Nereye gidiyoruz?

Doç. Dr. Yusuf Sayın

Tekvir Suresinde de yöneltilen “Bu gidiş nereye?” (26.) sorusu, son zamanlarda gencinden yaşlısına kadar hemen hemen herkesin dilinde ve aklında dolaşan bir soru işareti.
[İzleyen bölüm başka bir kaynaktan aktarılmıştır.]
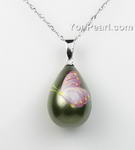 Teardrop flower butterfly shell pearl pendant wholesale 15*20mm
Çok sık dillendirildiği görülüyor.

Suriye meselesinden tutunda Coronavirüs salgınına kadar, göçmen krizinden kadın cinayetlerine kadar bir dünya mesele, bugün uluslararasılaşmış bir hal alarak zihinlerimizi meşgul ediyor.

İdlib Gerginliği Azaltma Bölgesi’ndeki Durumun İstikrarlaştırılmasına İlişkin Muhtıraya Ek Protokol ile birlikte 6 Mart 2020 tarihinde saat 00:01’den itibaren İdlib’te ateşkes sağlanırken, Suriye ihtilafının askeri çözümünün olamayacağının ve ihtilafın yalnızca Suriyelilerin öncülüğünde ve sahipliğinde, Birleşmiş Milletler’in kolaylaştırıcılığında, Birleşmiş Milletler Güvenlik Konseyi’nin 2254 sayılı kararıyla uyumlu siyasi süreç yoluyla sona erdirilebileceğinin altı çizildi.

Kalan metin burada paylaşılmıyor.